Missing, dead fishermen identified

March 25, 2009 10:19:29 AM PDT
The Coast Guard has released the names of the dead and missing crew members of a fishing boat that sank off the New Jersey coast.
  • VIDEO: Survivor talks about his ordeal. Lauren Wilson reports.
  • SLIDES: Pictures from the rescue effort
  • RAW VIDEO: Coast Guard brings victims to shore

    Killed were brothers Roy Smith Jr. and Timothy Smith.

    Missing are Frenki Credle, Frank Reyes, William Torres and Tarzan Smith.

    Hometowns were not immediately available, but authorities say they appeared to have split their time between North Carolina and New Jersey.

    They were aboard the 71-foot Lady Mary when it went down 75 miles off the coast of Cape May Tuesday. Only one crew member is known to have survived, thus far. His name is Jose Luis Ariese.

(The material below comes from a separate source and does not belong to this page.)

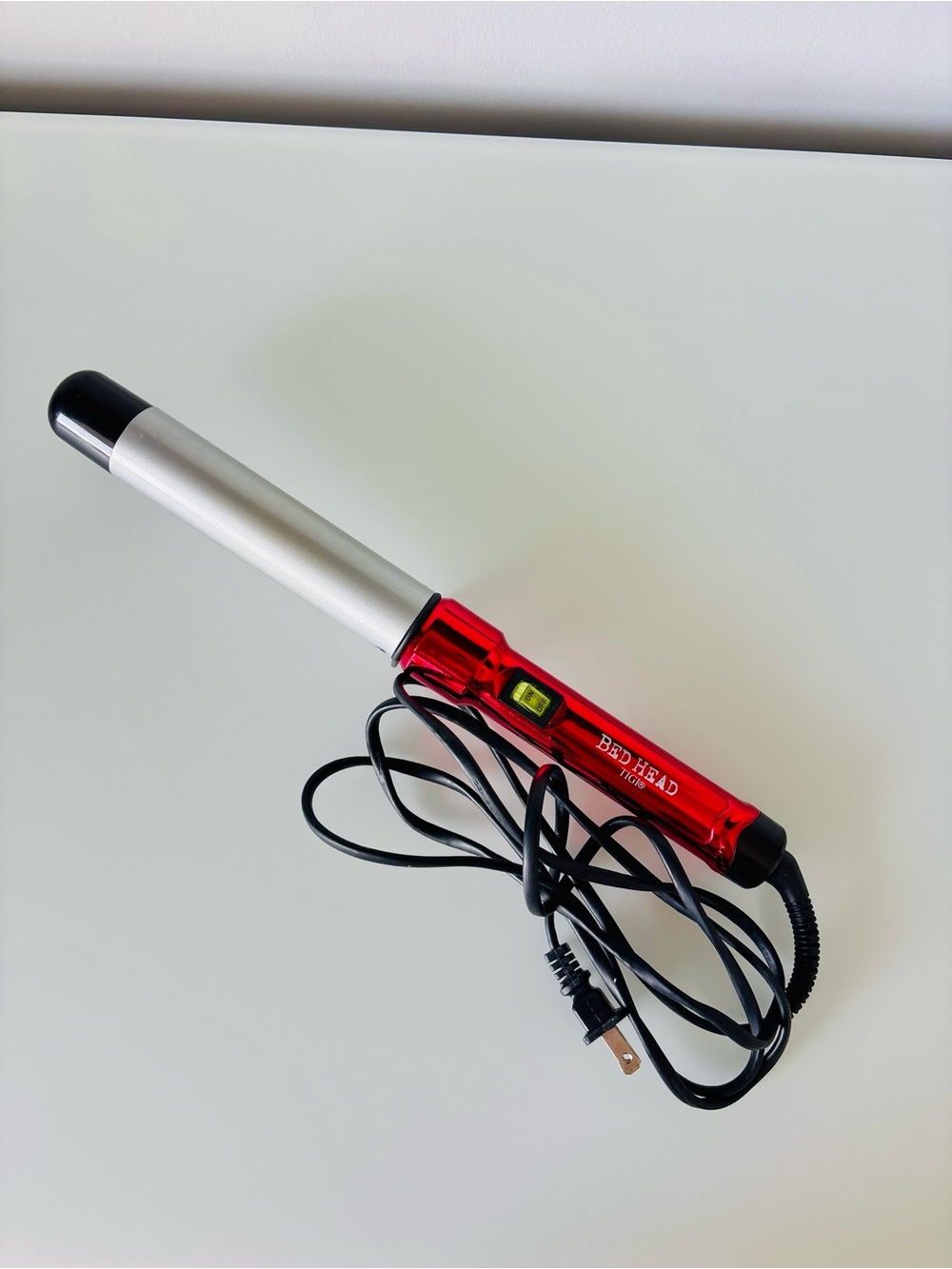 Bed Head Tigi tourmaline+ceramic Curling Wand.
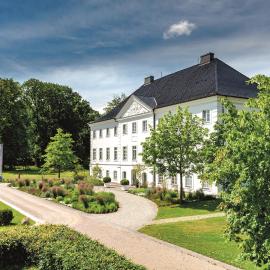 Schlossgut Gross Schwansee,位于格罗斯施旺湖的酒店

    Others fishing in the area said bad weather quickly closed in just before the boat sank.

    Earlier Wednesday, the air search for four missing fishermen whose boat sank off the New Jersey coast was suspended.

    The helicopters went out to continue the search around 7:00 a.m. Wednesday, but landed again a few hours later. There are no plans to send them back out.

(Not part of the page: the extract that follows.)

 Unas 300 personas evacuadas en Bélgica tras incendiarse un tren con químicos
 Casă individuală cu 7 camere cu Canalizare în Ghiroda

    Only a Coast Guard cutter, the "Dependable" out of Cape May, remains in the water to search for the men.

    The cutter searched throughout the night in the area where the Lady Mary went down, about 75 miles off the coast of Cape May.

    Two of the three crew members who were rescued Tuesday died, leaving only one survivor of what could rank among the nation's worst commercial fishing accidents.

    All seven crew members were wearing cold-water survival suits before abandoning ship Tuesday, the Coast Guard said, but a national search and rescue expert has said odds are slim they are still alive in the 40-degree water.

    Steven L. Labov, chief of the U.S. Search and Rescue Task Force, has said expected survival time would be under six hours in water that cold. The men have been missing for over a day.

    There's still no word on what caused the 71-foot scallop boat to sink. Both the Coast Guard and the National Transportation Safety Board are looking into the cause of the sinking, Henise said.